Dan, dalam pertemuan mendadak dengan JK pada 25 November 2008, baik Sri Mulyani maupun Boediono sebenarnya sudah mengaku ada yang salah dalam menangani Bank Century. Keduanya tak bisa lagi mengendalikan ekses penyelamatan Century karena langsung membengkak dari Rp 632 milair yang disetujui menjadi Rp 2,7 triliun dalam waktu dua hari.
Bentuk pengakuan bersalah lainnya tampak jelas dari jawaban Boediono, ketika JK bertanya 'Kenapa Anda (Boediono) keluarkan ini? Apa yang salah?' Saat itu Boediono menjawab dana bailout diambil oleh pemilik Bank Century. Pertanyaan kritisnya, kalau bank itu dirampok sendiri oleh pemiliknya kenapa negara yang harus menanggung?
Begitu juga ketika Boediono bertanya kepada JK tentang dasar hukum utk menjerat Robert Tantular. Secara psikologis, jawaban dan pertanyaan Boediono yang demikian merefleksikan perasaan bersalah krn upaya KSSK dan BI menyelamatkan Bank Century malah berbuah ekses.

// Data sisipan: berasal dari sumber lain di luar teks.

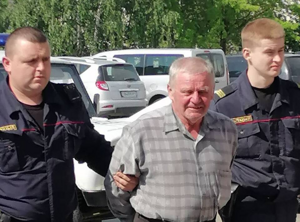 Vladimir Burshtyn being arrested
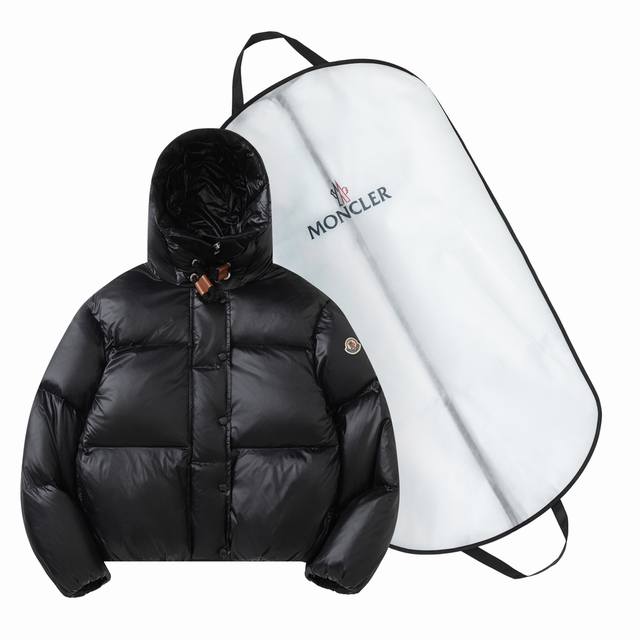 配防尘袋 Moncler 蒙口 24Ss短款面包连帽羽绒服 最新款式 轻量longue Saison尼龙羽绒夹克，Dist认证，绗缝设计，落肩设计，抽绳兜帽，袖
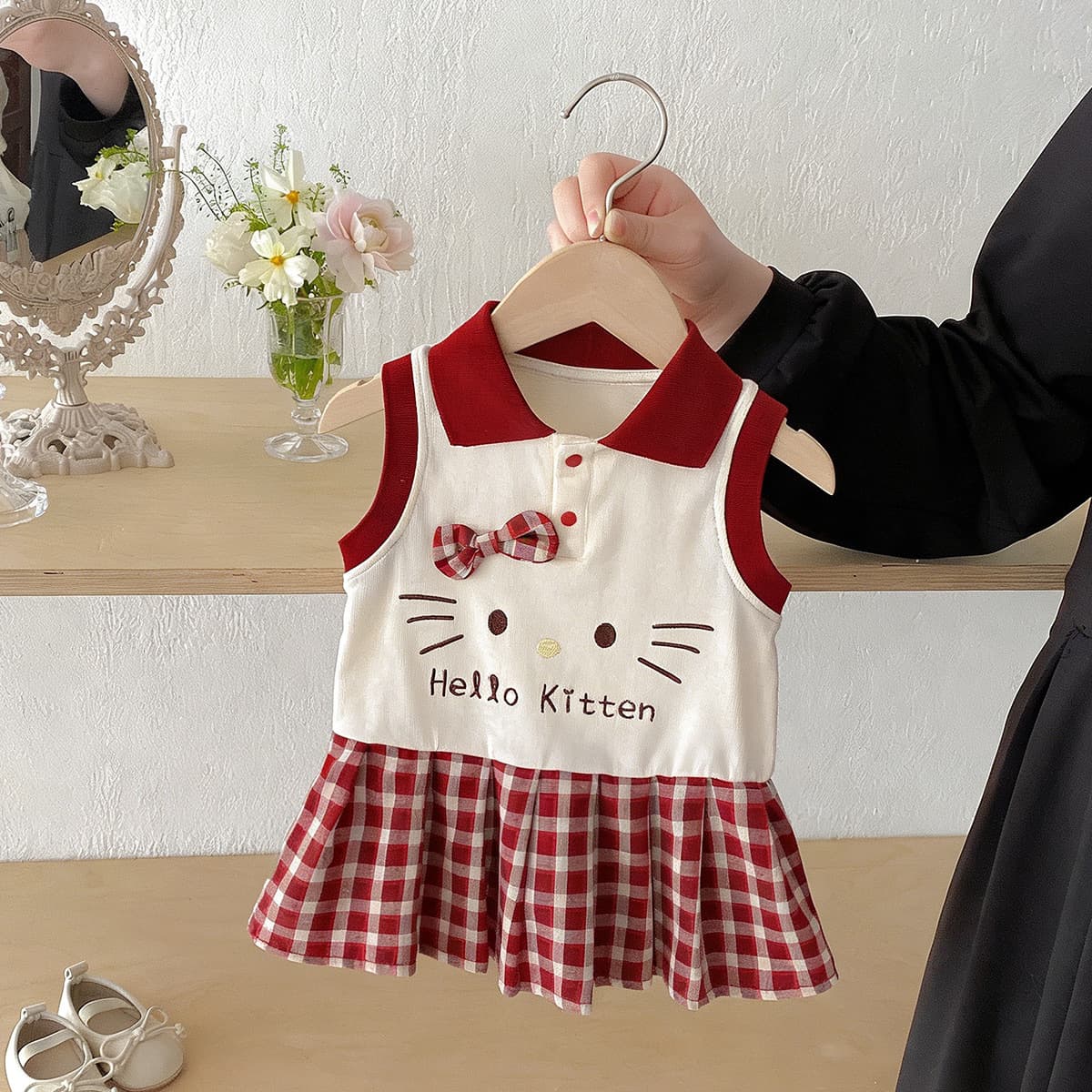 2026 Summer New Style Cute Cat Girls' Sleeveless Dress Red and White Contrast Plaid Princess Dress Baby Toddler Clothes Wholesale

Selain itu, kesaksian JK juga mengungkap inkonsistensi KSSK-BI tentang alasan utama mem-bailout Century. Kepada JK, Boediono menjawab bailout dilakukan karena Robert Tantular mengambil uang dari Century. Tetapi, pada kesempatan lain, Boediono dan Sri Mulyani mengemukakan ancaman krisis ekonomi sebagai alasan utama mem-bailout Century. Di sinilah terlihat inkonsistensi Boediono dan Sri Mulyani.
Sri Mulyani tampaknya ingin menyeret JK ke dalam pusaran ekes itu dengan mengaku telah mengirim pesan singkat mengenai penetapan Century sebagai bank gagal berdampak sistemik kepada JK. Namun, Sri Mulyani tak bisa membuktikan SMS yang dikirimkannya tersebut.
Menurut saya, pengakuan itu patut dilihat sebagai kebohongan yang bermotif melimpahkan masalah ke pundak JK. Padahal JK dari awal tidak pernah dilibatkan.